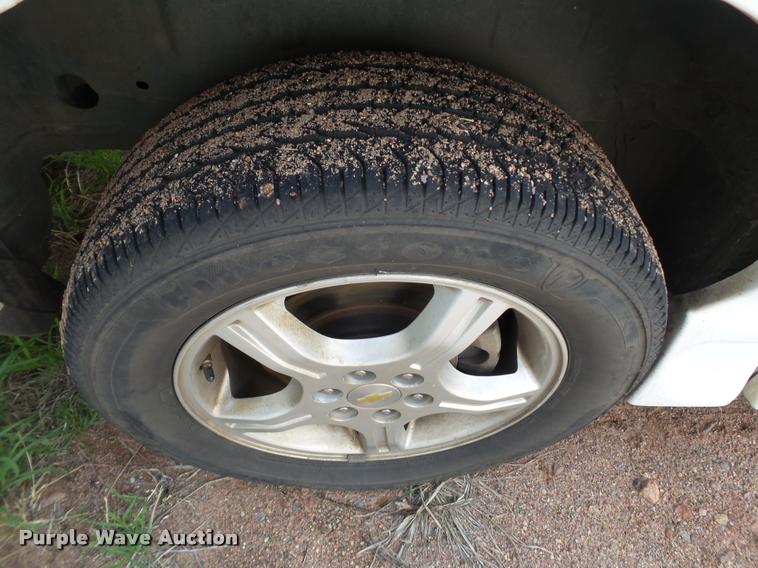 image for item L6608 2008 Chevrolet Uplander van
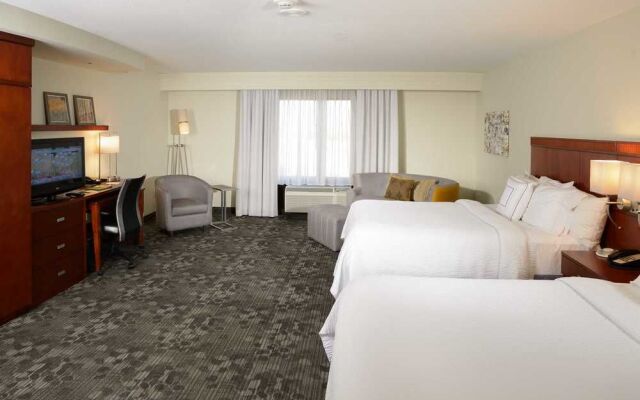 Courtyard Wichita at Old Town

++++++++++++++++++++

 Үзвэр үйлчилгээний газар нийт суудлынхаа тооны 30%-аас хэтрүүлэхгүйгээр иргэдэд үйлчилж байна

++++++++++++++++++++

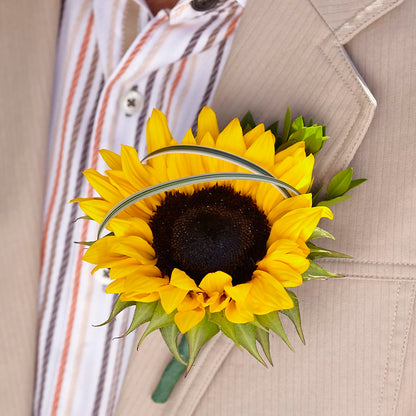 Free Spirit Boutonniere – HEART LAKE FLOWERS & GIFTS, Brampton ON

++++++++++++++++++++

WHAT YOU SHOULD DO:
When you reach the line containing "image for item" in the entries above, begin restating word for word, and stop once the line containing "Courtyard Wichita at Old Town" has been given. Omit the pictures.

OUTPUT FOR THIS EXERCISE:
 image for item L6608 2008 Chevrolet Uplander van
 Courtyard Wichita at Old Town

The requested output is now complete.